Una vez fingí adaptarme —me engañé a mí misma, sobre todo— y tuve durante un tiempo una perrita que, me avergüenza confesar, traje a mi casa como prueba de amor para mi amor, fan absoluto de los perros. No hubo caso: el miedo no se fue ni aprendí a quererla de verdad, como se quiere cuando advertís que tu vida no sería la misma sin el otro y que su presencia te enriquece y te potencia.
No me daba lo mismo, siempre supe que me perdía algo; el tiempo pasaba y era una frustración enorme. Percibía de qué manera quienes quieren a los perros disfrutaban de esa compañía y esa convivencia, era consciente de que me veía privada de una experiencia clave, pero no era algo que pudiera dominar con las herramientas habituales. No era voluntad lo que faltaba, no había manera de insistirle a la razón. La fobia no entiende de razones.
Por momentos pienso que lo que me llevó a cambiar y a superar el terror fue una necesidad interna. Que fue el crecimiento de mis hijos, como final irreversible de una etapa, lo que me impulsó a ir en busca de un cachorro. Tal vez suena algo ingenuo y hasta de manual de autoayuda, pero la independencia en progreso de los chicos no solo me dejó sin rutinas, también había liberado un espacio por cubrir para mi ansiedad sobreprotectora y para el arsenal de cariño y mimos que comenzaba a derramarse en la nada.
Soy de las que hablan para que no se note el silencio; fui de las que se buscó un perro para que no quedara en evidencia la soledad materna, ese vacío que se produce cuando se termina el ir y venir de los cuidados extremos; cuando los chicos se manejan solos y ya no tenés que ocuparte y, además, empezás a convertirte en un plomazo. Molestás.
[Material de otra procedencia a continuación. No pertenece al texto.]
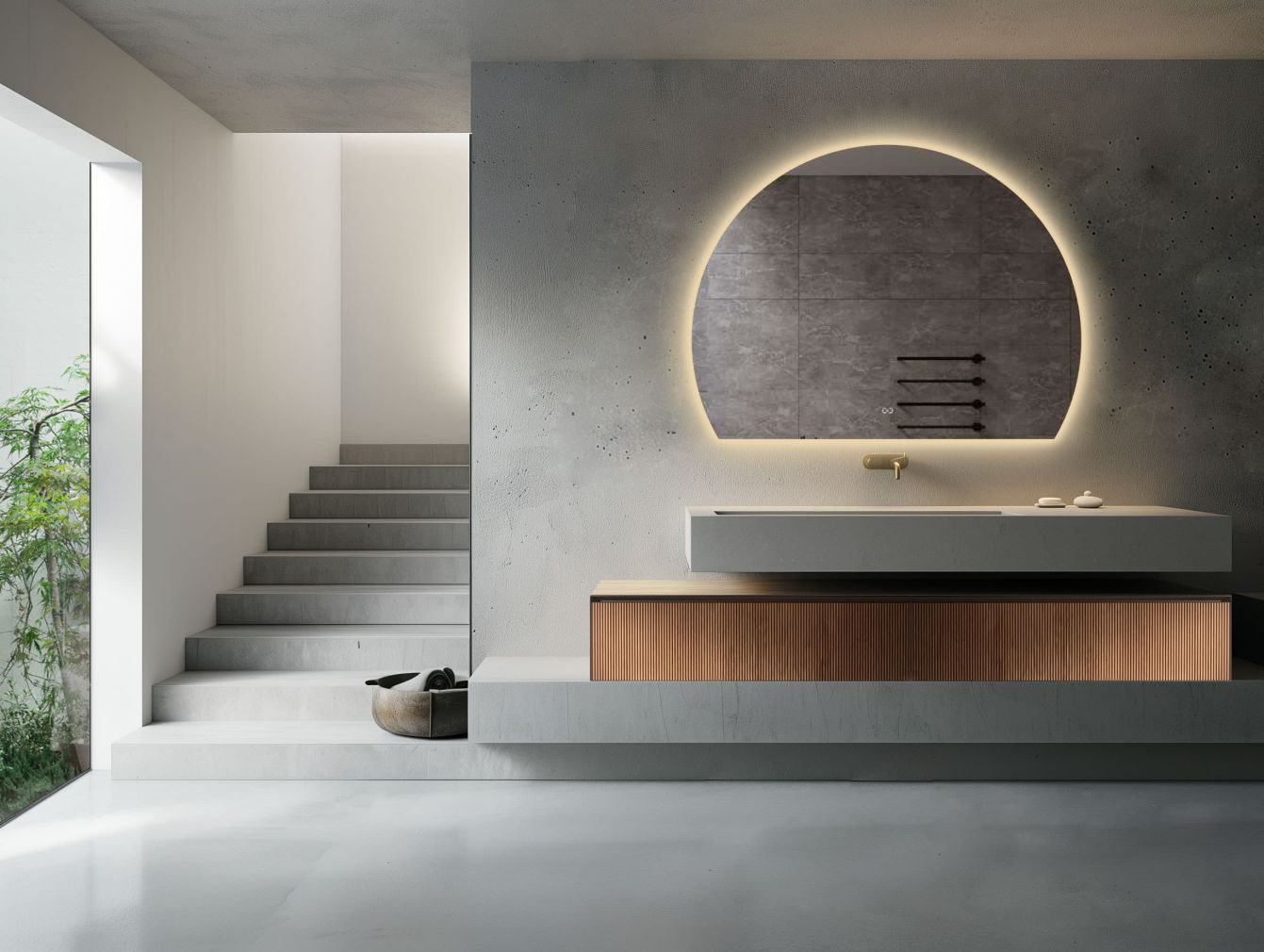 Halbrunder LED-Spiegel Premium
Elizabeth von Arnim (1866-1941) fue una escritora nacida en Australia y educada en Gran Bretaña, muy leída en su tiempo. Era prima de Katherine Mansfield y se asomó a la vida aristocrática junto a su primer marido, el conde Von Arnim, de quien tomó el apellido y con quien tuvo cuatro hijas y un hijo. Su relación con el noble fue mediocre, aunque le sirvió para confirmar cuánto amaba la buena vida, el lujo y los placeres.
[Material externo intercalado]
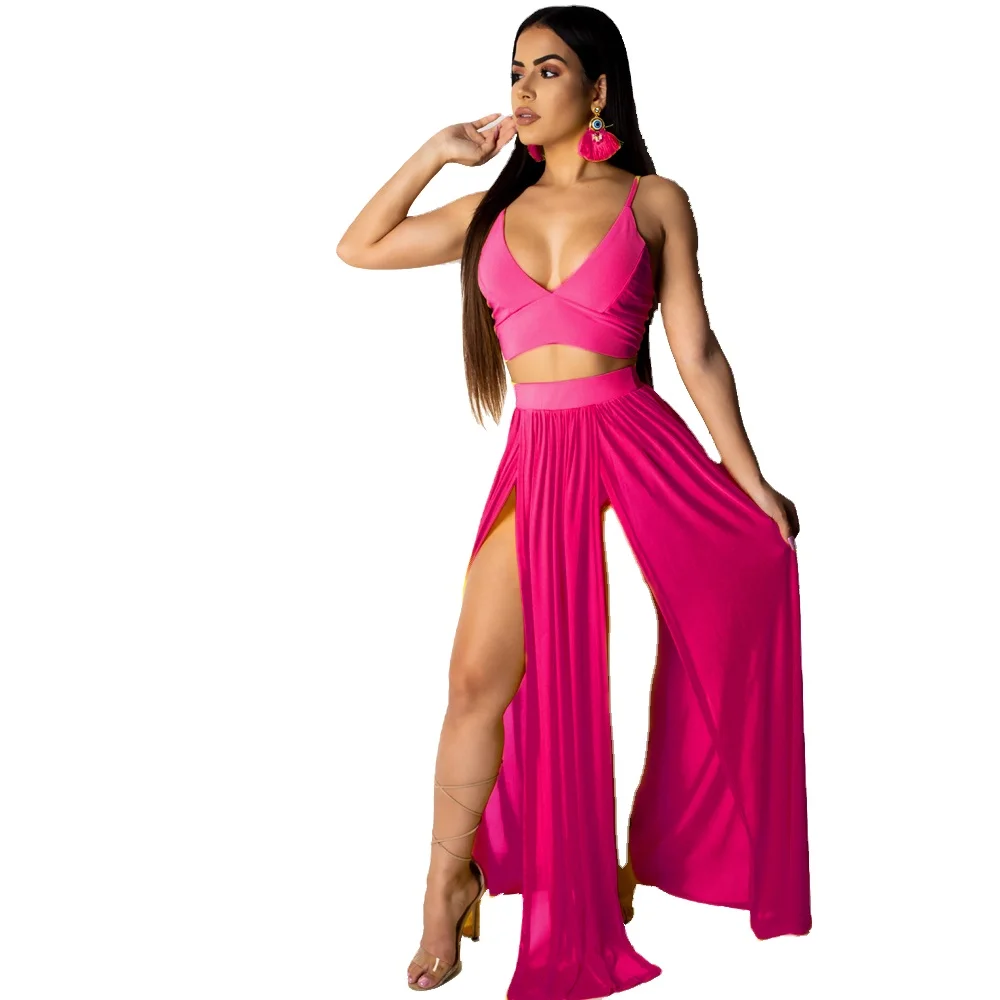 

New European and American sexy skirt set chiffon 2021 summer women clothing for beach dress, Customized color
Muerto su marido, tuvo más matrimonios y varios amantes. Todo indica que la frustración en el amor no fue tan traumática o bien que la infelicidad amorosa le dejó espacio para la escritura: fue autora de más de veinte libros.
Tenía 70 años cuando escribió sus originales y divertidas memorias, en las que decidió contar su vida a partir de los perros que la habían acompañado a lo largo del tiempo.
El libro se llama Todos los perros de mi vida y arranca así:
“Para empezar, les diré que aun apreciando mucho a mis padres, mis maridos, mis hijos, mis amantes y mis amigos, ninguno de ellos es capaz de ofrecer el amor de un perro. Como yo también he sido madre, hija, esposa, amante y amiga, sé muy bien cuán tornadizos son los amores humanos. Los perros, en cambio, están libres de esos vaivenes del sentimiento. Cuando un perro te ama, eso es para siempre, hasta su último ladrido. Así es como me gusta ser amada, y por eso os hablaré de perros.”
∞
A Wilson fui a buscarlo a una veterinaria de la calle Bartolomé Mitre, en Almagro. Tenía 45 días y estaba en una misma jaula con cuatro de sus hermanos. El chico que me atendió esa tarde me pidió que eligiera a uno de los cachorros. Me bajó la presión: yo no podía elegir a ninguno, todos me daban impresión, una manifestación del miedo. En cuanto abrió la puerta de rejas, una bola de pelos y nervios se abalanzó por sobre los demás y se me echó encima. Por primera vez un peluche palpitaba sobre mi pecho. Siempre supe que no fui yo la que lo eligió, fue él quien me eligió a mí.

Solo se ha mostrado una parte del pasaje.